At a large Midwestern university, a simple random sample of 100 entering freshmen in 1993 found that 20 of the sampled freshmen finished in the bottom third of their high school class. Admission standards at the university were tightened in 1995. In 1997, a simple random sample of 100 entering freshmen found that only 10 finished in the bottom third of their high school class. Let p 1 and p 2 be the proportions of all entering freshmen in 1993 and 1997, respectively, who graduated in the bottom third of their high school class.

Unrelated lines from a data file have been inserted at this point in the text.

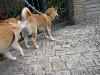 柴犬 はな
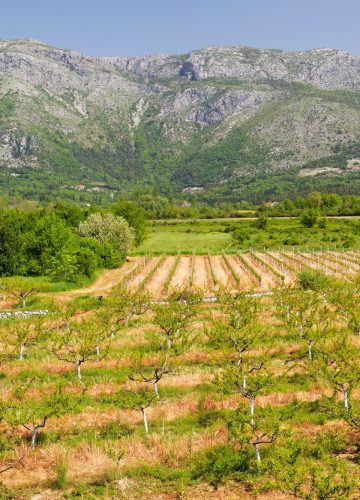 Agriculture Fields in Konavle Dubrovnik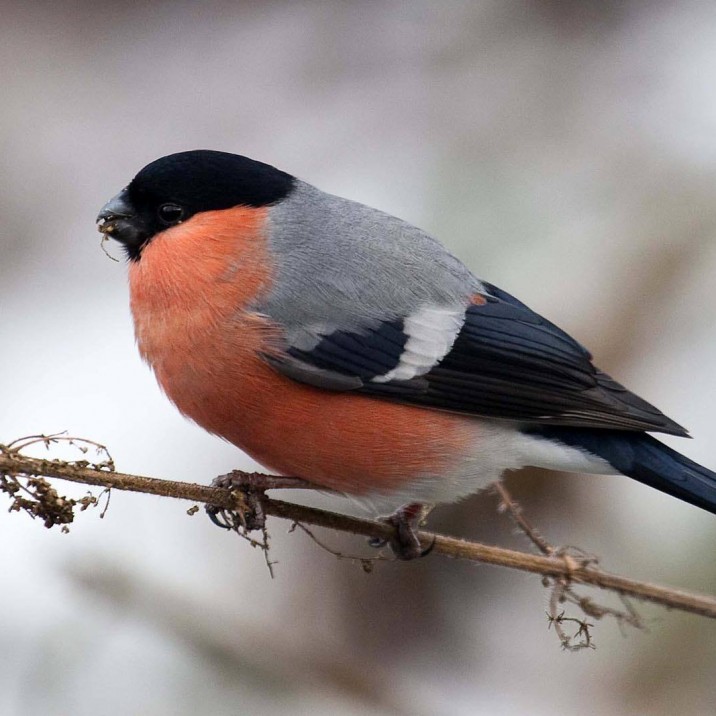 This is the second time we have featured Phil’s images in a Small City Gallery. We love his work which can often be seen on the Pictures of Perth Facebook page. His pictures are often of things which catch his attention whilst he goes about his day to day business in Perth and beyond.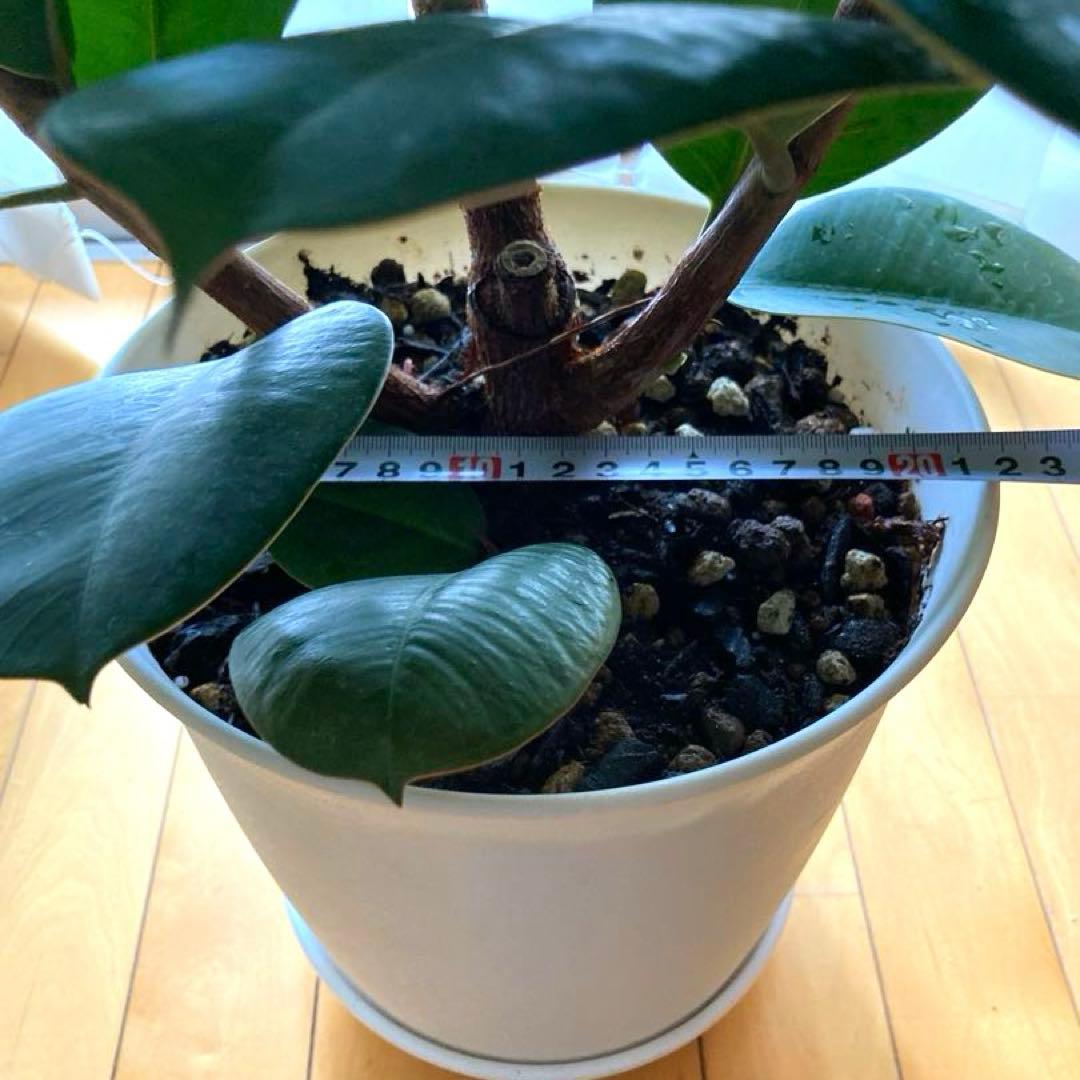 フィカス　バーガンディ③苗木　大株‼️幹太‼️約77㎝　7号　メルカリ便※鉢ごと発送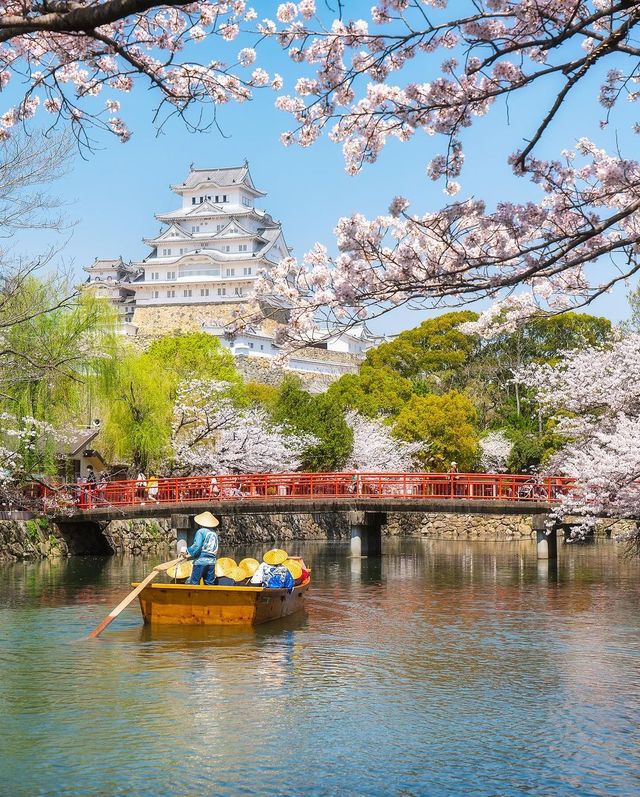 姫路城の桜🌸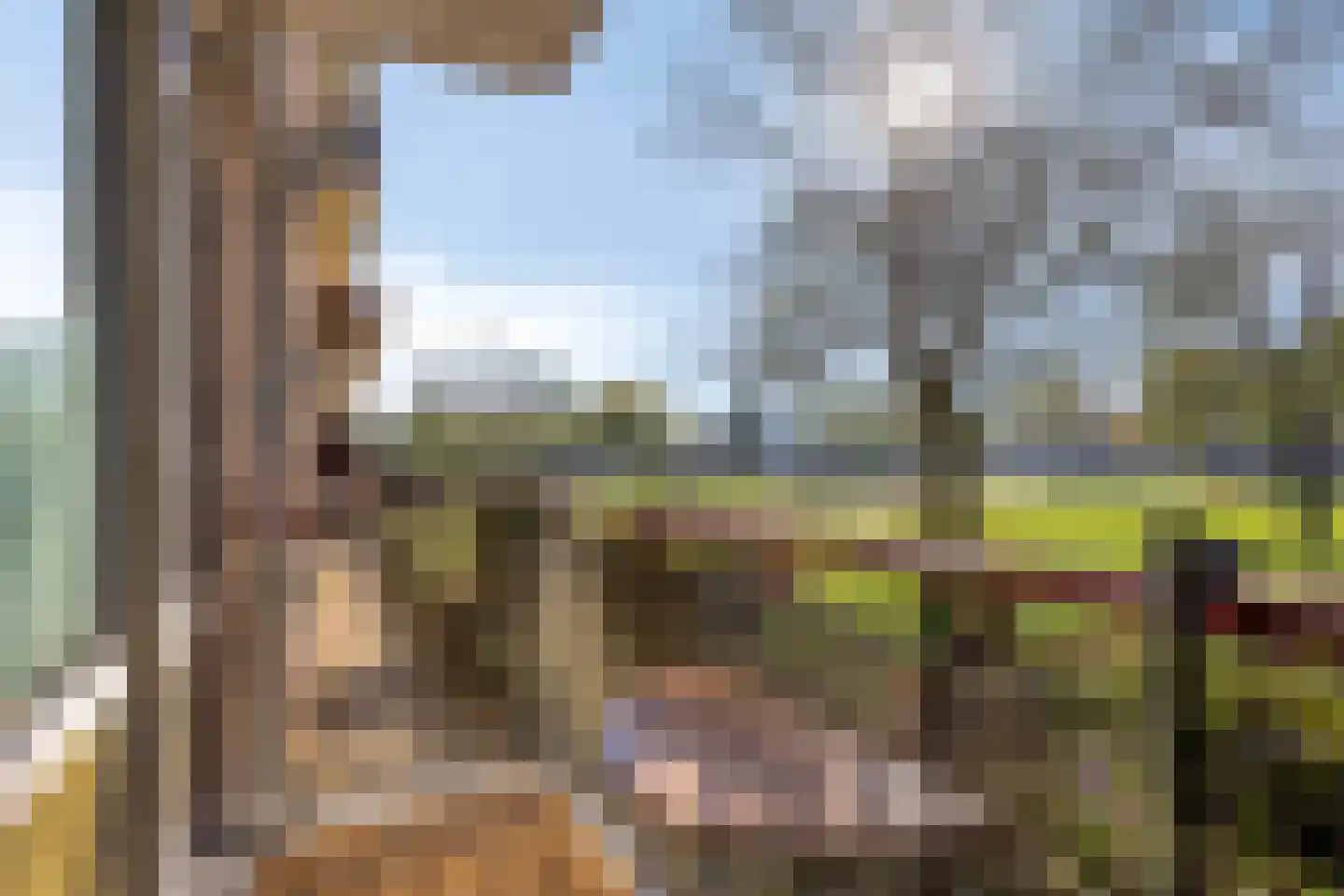 Maassingel 138 's-Hertogenbosch thumbnail 13
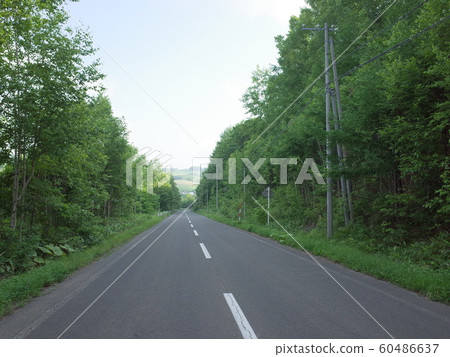 鄉間小路_富良野 鄉間小路_富良野 60486637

What is a 90% plus four confidence interval for p 1 – p 2?

Answer 1

Answer:

The 90% confidence interval for the difference of proportions is (0.01775,0.18225).

Step-by-step explanation:

Before building the confidence interval, we need to understand the central limit theorem and subtraction of normal variables.

Central Limit Theorem

The Central Limit Theorem establishes that, for a normally distributed random variable X, with mean $\mu$ and standard deviation $\sigma$, the sampling distribution of the sample means with size n can be approximated to a normal distribution with mean $\mu$ and standard deviation $s = \frac{\sigma}{\sqrt{n}}$.

For a skewed variable, the Central Limit Theorem can also be applied, as long as n is at least 30.

For a proportion p in a sample of size n, the sampling distribution of the sample proportion will be approximately normal with mean $\mu = p$ and standard deviation $s = \sqrt{\frac{p(1-p)}{n}}$

Subtraction between normal variables:

When two normal variables are subtracted, the mean is the difference of the means, while the standard deviation is the square root of the sum of the variances.

p1 -> 1993

20 out of 100, so:

$p_1 = \frac{20}{100} = 0.2$

$s_1 = \sqrt{\frac{0.2*0.8}{100}} = 0.04$

p2 -> 1997

10 out of 100, so:

$p_2 = \frac{10}{100} = 0.1$

$s_2 = \sqrt{\frac{0.1*0.9}{100}} = 0.03$

Distribution of p1 – p2:

$p = p_1 - p_2 = 0.2 - 0.1 = 0.1$

$s = \sqrt{s_1^2+s_2^2} = \sqrt{0.04^2 + 0.03^2} = 0.05$

Confidence interval:

$p \pm zs$

In which

z is the z-score that has a p-value of $1 - \frac{\alpha}{2}$.

90% confidence level

So $\alpha = 0.1$, z is the value of Z that has a p-value of $1 - \frac{0.1}{2} = 0.95$, so $Z = 1.645$.  

The lower bound of the interval is:

$p - zs = 0.1 - 1.645*0.05 = 0.01775$

The upper bound of the interval is:

$p + zs = 0.1 + 1.645*0.05 = 0.18225$

The 90% confidence interval for the difference of proportions is (0.01775,0.18225).